ACTIVITY:
Reproduce the listing below character for character; drop every image.

DATA PROVIDED:
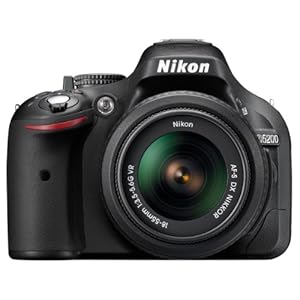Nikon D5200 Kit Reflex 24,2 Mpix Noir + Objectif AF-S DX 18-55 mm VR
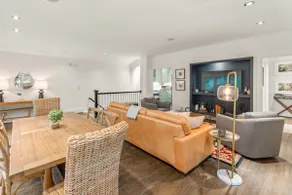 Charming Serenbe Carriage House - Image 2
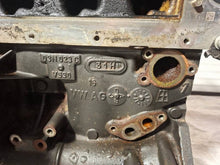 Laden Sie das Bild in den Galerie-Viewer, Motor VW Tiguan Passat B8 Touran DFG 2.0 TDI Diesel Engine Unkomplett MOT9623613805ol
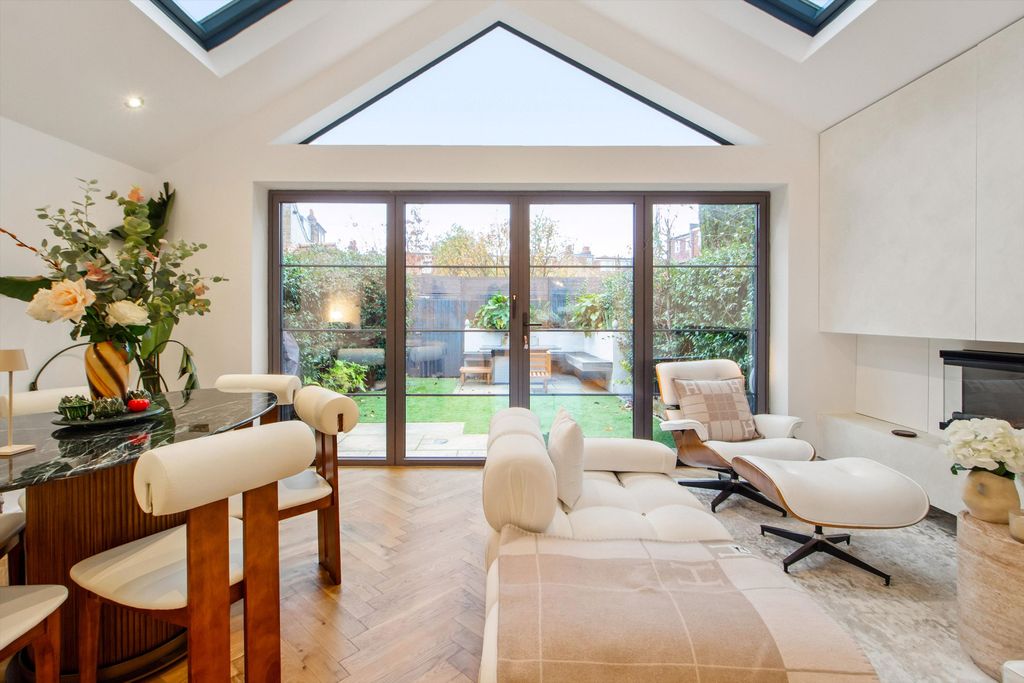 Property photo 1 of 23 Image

THE ANSWER:
Nikon D5200 Kit Reflex 24,2 Mpix Noir + Objectif AF-S DX 18-55 mm VR
 Charming Serenbe Carriage House - Image 2
 Laden Sie das Bild in den Galerie-Viewer, Motor VW Tiguan Passat B8 Touran DFG 2.0 TDI Diesel Engine Unkomplett MOT9623613805ol
 Property photo 1 of 23 Image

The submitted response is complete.